Experiments

Training and evaluation

pfrl.experiments.train_agent_async(outdir, processes, make_env, profile=False, steps=80000000, eval_interval=1000000, eval_n_steps=None, eval_n_episodes=10, eval_success_threshold=0.0, max_episode_len=None, step_offset=0, successful_score=None, agent=None, make_agent=None, global_step_hooks=[], evaluation_hooks=(), save_best_so_far_agent=True, use_tensorboard=False, logger=None, random_seeds=None, stop_event=None, exception_event=None, use_shared_memory=True)[source]

Train agent asynchronously using multiprocessing.

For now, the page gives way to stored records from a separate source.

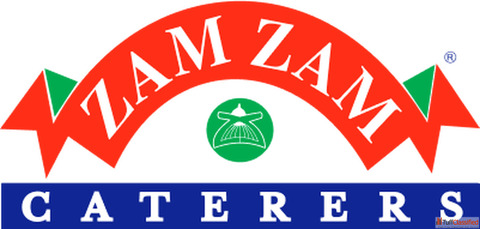 Best Catering Services in Chennai Zam Zam Caterers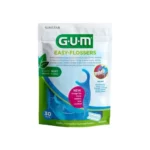 gum-easy-flossers-porte-fil-dentaire-30pcs-890 gum-easy-flossers-porte-fil-dentaire-30pcs-890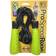 GoFit Pro Speed Rope 275cm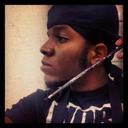 B RA-EL ALI Artisan (@13CreativeNaga) Twitter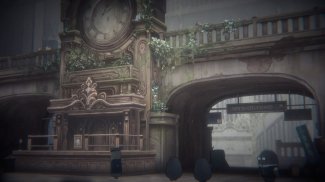 DEEMO II screenshot 15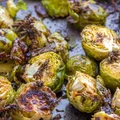 Zapomnij o gotowaniu brukselki! Ta jedna czynność sprawi ze nabierze innego smaku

Either agent or make_agent must be specified.

Parameters:
  • outdir (str) – Path to the directory to output things.
  • processes (int) – Number of processes.
  • make_env (callable) – (process_idx, test) -> Environment.
  • profile (bool) – Profile if set True.
  • steps (int) – Number of global time steps for training.
  • eval_interval (int) – Interval of evaluation. If set to None, the agent will not be evaluated at all.
  • eval_n_steps (int) – Number of eval timesteps at each eval phase
  • eval_n_episodes (int) – Number of eval episodes at each eval phase
  • eval_success_threshold (float) – r-threshold above which grasp succeeds
  • max_episode_len (int) – Maximum episode length.
  • step_offset (int) – Time step from which training starts.
  • successful_score (float) – Finish training if the mean score is greater or equal to this value if not None
  • agent (Agent) – Agent to train.
  • make_agent (callable) – (process_idx) -> Agent
  • global_step_hooks (list) – List of callable objects that accepts (env, agent, step) as arguments. They are called every global step. See pfrl.experiments.hooks.
  • evaluation_hooks (Sequence) – Sequence of pfrl.experiments.evaluation_hooks.EvaluationHook objects. They are called after each evaluation.
  • save_best_so_far_agent (bool) – If set to True, after each evaluation, if the score (= mean return of evaluation episodes) exceeds the best-so-far score, the current agent is saved.
  • use_tensorboard (bool) – Additionally log eval stats to tensorboard
  • logger (logging.Logger) – Logger used in this function.
  • random_seeds (array-like of ints or None) – Random seeds for processes. If set to None, [0, 1, …, processes-1] are used.
  • stop_event (multiprocessing.Event or None) – Event to stop training. If set to None, a new Event object is created and used internally.
  • exception_event (multiprocessing.Event or None) – Event that indicates other thread raised an excpetion. The train will be terminated and the current agent will be saved. If set to None, a new Event object is created and used internally.
  • use_shared_memory (bool) – Share memory amongst asynchronous agents.
Returns:

Trained agent.

pfrl.experiments.train_agent_batch(agent, env, steps, outdir, checkpoint_freq=None, log_interval=None, max_episode_len=None, step_offset=0, evaluator=None, successful_score=None, step_hooks=(), return_window_size=100, logger=None)[source]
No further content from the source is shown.